My first acting experience was in 1994, as a boy stealing a pie in The Sheepskin Revue, an annual production accompanying the Scio Lamb and Wool Fair, in which I was a regular participant for most of the next 10 years. The shows usually followed a basic formula of earnestly corny, barely rehearsed comedy with a historical theme, accompanied by period-appropriate music. Scioans loved it. I tell you this only because the best way I can describe Artists Rep’s production of Eugene O’Neill’s only comedy is that it is very much in the style of The Sheepskin Revue, and that this is a good thing.

Ah, Wilderness!, which premiered at the beginning of the Depression, is set in a small New England city in 1906, on the Fourth of July. It was a period comedy, reflecting nostalgically on the innocence of simpler days, when it was written; 77 years later, its sitcom-style gag lines read as bizarre. “Son, if I didn’t know it was you talking,” a father (Michael Fisher-Welsh) quips to his newly socialist 17-year-old son (Philip Orazio), “I’d think we had Emma Goldman with us.” Ha?

Director Pat Patton shucks this corn by embracing it, staging the play before a false proscenium and a false brick wall adorned with theatrical detritus, unsubtly reminding the audience that we are watching a performance. The actors are self-consciously actorly in their performances. They move the props themselves. It is Artists Rep’s production of a Sheepskin Revue performance of O’Neill’s comedy, and it is surprisingly excellent.
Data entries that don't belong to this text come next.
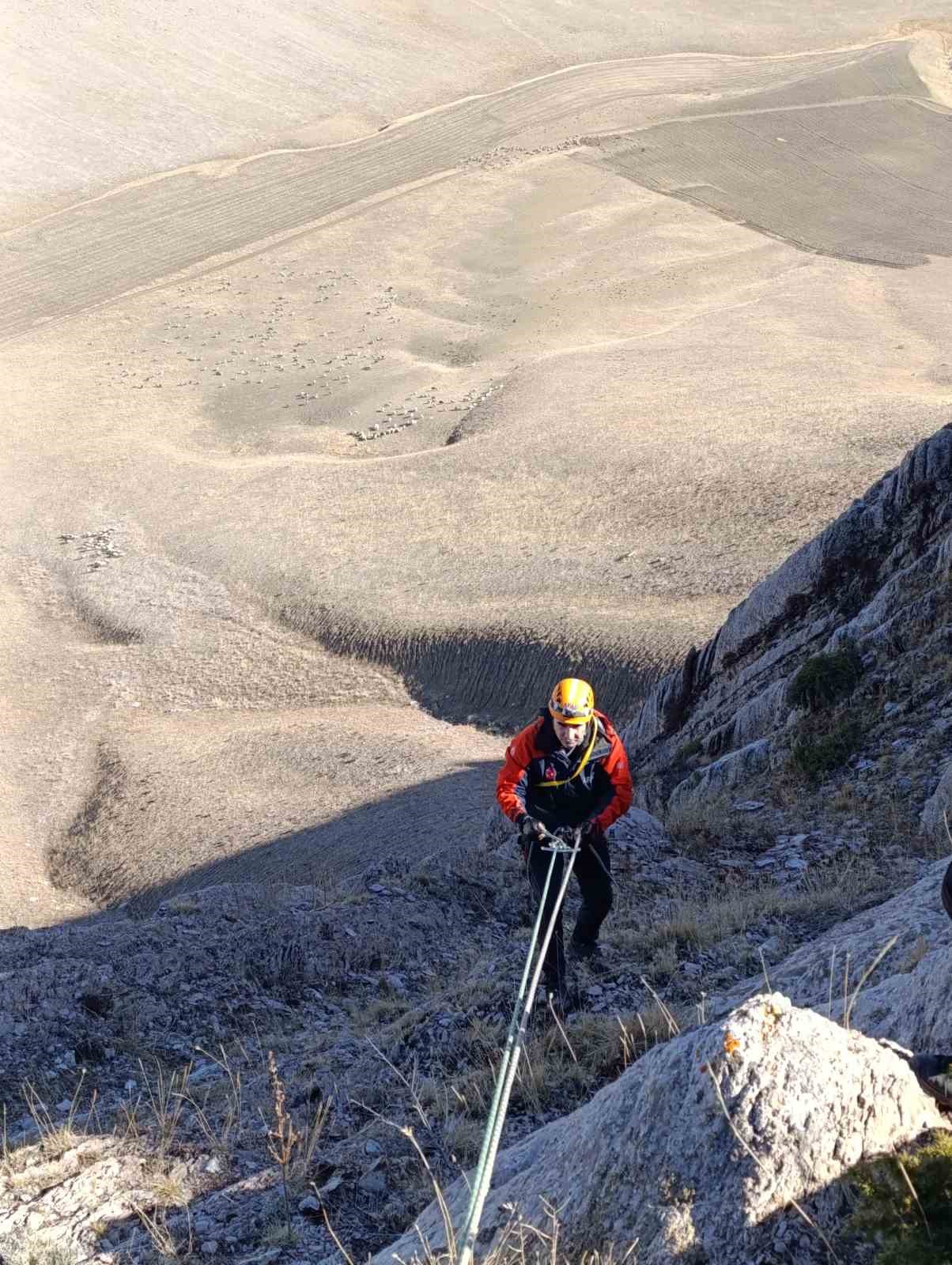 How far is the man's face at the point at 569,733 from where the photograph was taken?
8.18 metres

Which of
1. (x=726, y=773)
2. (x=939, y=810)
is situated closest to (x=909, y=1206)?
(x=939, y=810)

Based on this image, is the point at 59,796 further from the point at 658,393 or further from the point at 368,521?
the point at 658,393

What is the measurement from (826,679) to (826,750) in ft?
3.87

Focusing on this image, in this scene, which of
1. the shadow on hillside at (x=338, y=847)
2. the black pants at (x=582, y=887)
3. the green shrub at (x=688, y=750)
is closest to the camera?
the black pants at (x=582, y=887)

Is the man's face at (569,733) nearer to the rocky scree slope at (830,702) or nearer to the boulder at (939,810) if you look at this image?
the rocky scree slope at (830,702)

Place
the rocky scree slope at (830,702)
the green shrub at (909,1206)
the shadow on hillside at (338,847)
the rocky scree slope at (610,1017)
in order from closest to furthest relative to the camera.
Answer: the green shrub at (909,1206), the rocky scree slope at (610,1017), the rocky scree slope at (830,702), the shadow on hillside at (338,847)

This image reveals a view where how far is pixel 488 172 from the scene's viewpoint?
6356 centimetres

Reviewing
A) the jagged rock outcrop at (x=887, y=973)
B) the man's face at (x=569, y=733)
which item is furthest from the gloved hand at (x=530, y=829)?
the jagged rock outcrop at (x=887, y=973)

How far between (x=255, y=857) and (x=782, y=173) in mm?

A more serious-minded approach to the script would be unbearable. The story, about young love and middle-aged love and parental love, is pure sap. The characters (surly teen, hard-drinking reporter, flashy Yale man, etc.) appear at first glance to be cartoons. At one point a bartender actually says, “damn lousy tramps is always getting this joint in dutch.” But this is O’Neill after all, and there is real life hiding underneath the clichés, brought out by excellent performances by Don Alder (in a masterly drunk scene) and Orazio, who gives us the finest distillation of teenage melancholy since Rushmore.